● **ACTION ITEM**
When the string "Double" is part of a line below, that line should be copied.

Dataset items
⁂

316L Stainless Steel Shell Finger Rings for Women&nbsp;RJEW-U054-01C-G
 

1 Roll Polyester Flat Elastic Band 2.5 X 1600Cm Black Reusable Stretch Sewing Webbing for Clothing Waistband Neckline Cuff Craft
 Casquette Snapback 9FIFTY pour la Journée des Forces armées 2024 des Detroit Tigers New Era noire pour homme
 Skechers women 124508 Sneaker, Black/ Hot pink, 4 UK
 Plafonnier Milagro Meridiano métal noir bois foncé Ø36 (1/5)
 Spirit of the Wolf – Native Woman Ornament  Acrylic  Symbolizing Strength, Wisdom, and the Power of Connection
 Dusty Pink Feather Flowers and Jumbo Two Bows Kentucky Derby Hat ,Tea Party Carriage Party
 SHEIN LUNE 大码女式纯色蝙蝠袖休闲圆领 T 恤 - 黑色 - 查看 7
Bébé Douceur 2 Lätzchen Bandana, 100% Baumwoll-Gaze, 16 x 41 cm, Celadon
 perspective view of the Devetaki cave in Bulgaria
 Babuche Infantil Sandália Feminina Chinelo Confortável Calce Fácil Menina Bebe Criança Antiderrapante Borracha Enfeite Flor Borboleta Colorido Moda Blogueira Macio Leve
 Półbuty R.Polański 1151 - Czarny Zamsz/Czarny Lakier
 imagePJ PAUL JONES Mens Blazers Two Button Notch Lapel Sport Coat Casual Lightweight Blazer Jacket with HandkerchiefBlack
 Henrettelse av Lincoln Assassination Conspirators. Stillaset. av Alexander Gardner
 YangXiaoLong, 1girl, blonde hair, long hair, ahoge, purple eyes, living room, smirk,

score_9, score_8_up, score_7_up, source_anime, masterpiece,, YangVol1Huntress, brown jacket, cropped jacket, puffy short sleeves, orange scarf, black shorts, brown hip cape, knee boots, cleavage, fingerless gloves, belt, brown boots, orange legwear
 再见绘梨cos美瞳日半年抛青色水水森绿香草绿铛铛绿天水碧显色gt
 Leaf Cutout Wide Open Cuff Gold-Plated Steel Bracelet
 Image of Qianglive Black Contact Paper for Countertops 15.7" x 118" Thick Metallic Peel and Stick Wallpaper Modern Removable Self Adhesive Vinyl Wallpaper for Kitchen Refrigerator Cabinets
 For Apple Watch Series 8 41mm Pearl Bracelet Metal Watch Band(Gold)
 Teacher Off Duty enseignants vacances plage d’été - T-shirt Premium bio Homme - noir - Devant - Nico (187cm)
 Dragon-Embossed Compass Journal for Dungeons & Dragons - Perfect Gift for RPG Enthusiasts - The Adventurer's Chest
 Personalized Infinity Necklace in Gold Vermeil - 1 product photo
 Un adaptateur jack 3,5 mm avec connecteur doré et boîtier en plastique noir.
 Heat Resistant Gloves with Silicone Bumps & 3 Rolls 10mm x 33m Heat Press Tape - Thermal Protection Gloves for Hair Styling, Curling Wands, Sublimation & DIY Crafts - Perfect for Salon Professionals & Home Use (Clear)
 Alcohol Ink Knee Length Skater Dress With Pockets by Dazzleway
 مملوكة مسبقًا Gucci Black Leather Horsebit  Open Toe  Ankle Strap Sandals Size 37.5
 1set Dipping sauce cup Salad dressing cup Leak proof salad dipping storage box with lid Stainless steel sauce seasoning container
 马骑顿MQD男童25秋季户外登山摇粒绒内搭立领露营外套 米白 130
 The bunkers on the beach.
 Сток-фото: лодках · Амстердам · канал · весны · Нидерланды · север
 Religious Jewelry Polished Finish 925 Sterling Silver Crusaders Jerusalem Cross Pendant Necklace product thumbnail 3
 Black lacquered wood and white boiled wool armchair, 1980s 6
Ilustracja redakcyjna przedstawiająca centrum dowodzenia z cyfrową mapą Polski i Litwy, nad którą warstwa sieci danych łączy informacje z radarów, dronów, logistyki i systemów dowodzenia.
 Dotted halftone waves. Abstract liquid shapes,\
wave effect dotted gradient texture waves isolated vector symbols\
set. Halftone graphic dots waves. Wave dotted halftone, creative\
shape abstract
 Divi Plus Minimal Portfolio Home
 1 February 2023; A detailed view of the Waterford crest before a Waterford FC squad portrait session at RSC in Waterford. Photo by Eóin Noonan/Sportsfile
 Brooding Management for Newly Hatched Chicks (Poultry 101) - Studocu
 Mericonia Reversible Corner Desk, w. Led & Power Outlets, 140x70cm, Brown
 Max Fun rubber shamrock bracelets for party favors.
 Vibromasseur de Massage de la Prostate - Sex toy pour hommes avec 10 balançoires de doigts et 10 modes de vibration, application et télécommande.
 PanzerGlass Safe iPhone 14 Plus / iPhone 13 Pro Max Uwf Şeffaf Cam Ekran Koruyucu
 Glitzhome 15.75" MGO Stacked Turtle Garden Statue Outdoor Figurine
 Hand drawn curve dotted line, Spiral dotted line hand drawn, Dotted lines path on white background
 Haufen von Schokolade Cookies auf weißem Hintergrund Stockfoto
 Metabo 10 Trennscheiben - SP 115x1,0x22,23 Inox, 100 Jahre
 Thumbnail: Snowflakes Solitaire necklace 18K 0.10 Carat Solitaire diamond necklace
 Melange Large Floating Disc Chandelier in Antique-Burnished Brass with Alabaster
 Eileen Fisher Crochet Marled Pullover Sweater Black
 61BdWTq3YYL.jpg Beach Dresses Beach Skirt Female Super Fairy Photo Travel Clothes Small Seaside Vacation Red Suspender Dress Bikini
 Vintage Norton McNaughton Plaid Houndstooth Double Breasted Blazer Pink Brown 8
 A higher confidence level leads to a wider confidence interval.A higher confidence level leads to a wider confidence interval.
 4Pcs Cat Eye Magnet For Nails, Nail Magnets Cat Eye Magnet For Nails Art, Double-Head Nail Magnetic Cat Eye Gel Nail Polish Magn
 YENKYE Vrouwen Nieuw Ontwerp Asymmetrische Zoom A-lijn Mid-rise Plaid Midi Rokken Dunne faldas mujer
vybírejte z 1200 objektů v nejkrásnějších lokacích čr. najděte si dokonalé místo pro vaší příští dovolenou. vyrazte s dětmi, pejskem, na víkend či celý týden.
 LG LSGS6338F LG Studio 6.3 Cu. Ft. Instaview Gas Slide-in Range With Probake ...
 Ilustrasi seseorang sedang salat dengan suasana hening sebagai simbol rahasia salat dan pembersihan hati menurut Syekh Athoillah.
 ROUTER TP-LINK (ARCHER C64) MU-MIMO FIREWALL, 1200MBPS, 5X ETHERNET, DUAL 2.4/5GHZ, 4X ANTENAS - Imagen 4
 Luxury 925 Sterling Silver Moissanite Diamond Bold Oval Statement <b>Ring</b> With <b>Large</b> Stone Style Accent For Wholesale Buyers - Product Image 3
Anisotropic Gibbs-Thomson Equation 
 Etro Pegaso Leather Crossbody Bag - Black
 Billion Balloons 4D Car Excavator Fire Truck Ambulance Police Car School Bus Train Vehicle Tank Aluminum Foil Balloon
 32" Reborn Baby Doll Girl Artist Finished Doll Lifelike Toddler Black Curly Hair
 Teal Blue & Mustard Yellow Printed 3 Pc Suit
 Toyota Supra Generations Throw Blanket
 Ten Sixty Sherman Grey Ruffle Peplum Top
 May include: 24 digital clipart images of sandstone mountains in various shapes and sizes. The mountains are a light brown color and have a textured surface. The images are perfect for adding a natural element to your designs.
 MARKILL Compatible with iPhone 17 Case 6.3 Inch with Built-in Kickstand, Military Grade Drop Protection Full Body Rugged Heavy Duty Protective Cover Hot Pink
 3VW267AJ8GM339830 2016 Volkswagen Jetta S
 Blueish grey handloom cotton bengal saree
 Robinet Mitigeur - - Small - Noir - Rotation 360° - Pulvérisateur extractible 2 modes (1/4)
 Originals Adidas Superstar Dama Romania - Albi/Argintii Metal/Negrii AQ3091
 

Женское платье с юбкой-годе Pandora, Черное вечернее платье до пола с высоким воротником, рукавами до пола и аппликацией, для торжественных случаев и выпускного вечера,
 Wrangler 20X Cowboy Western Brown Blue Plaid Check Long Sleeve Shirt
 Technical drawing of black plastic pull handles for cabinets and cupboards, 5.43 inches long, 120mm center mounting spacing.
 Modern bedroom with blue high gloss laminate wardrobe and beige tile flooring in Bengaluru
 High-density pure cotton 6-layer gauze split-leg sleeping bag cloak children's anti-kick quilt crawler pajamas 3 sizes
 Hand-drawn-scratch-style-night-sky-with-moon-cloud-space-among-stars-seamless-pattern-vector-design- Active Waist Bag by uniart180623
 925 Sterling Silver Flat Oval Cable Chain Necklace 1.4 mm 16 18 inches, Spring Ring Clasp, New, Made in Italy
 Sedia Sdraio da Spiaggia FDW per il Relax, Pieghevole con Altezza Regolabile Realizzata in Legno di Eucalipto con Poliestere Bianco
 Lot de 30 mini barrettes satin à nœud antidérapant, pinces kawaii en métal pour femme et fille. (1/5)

⁂

● **RESPONSE**
 Vintage Norton McNaughton Plaid Houndstooth Double Breasted Blazer Pink Brown 8
 4Pcs Cat Eye Magnet For Nails, Nail Magnets Cat Eye Magnet For Nails Art, Double-Head Nail Magnetic Cat Eye Gel Nail Polish Magn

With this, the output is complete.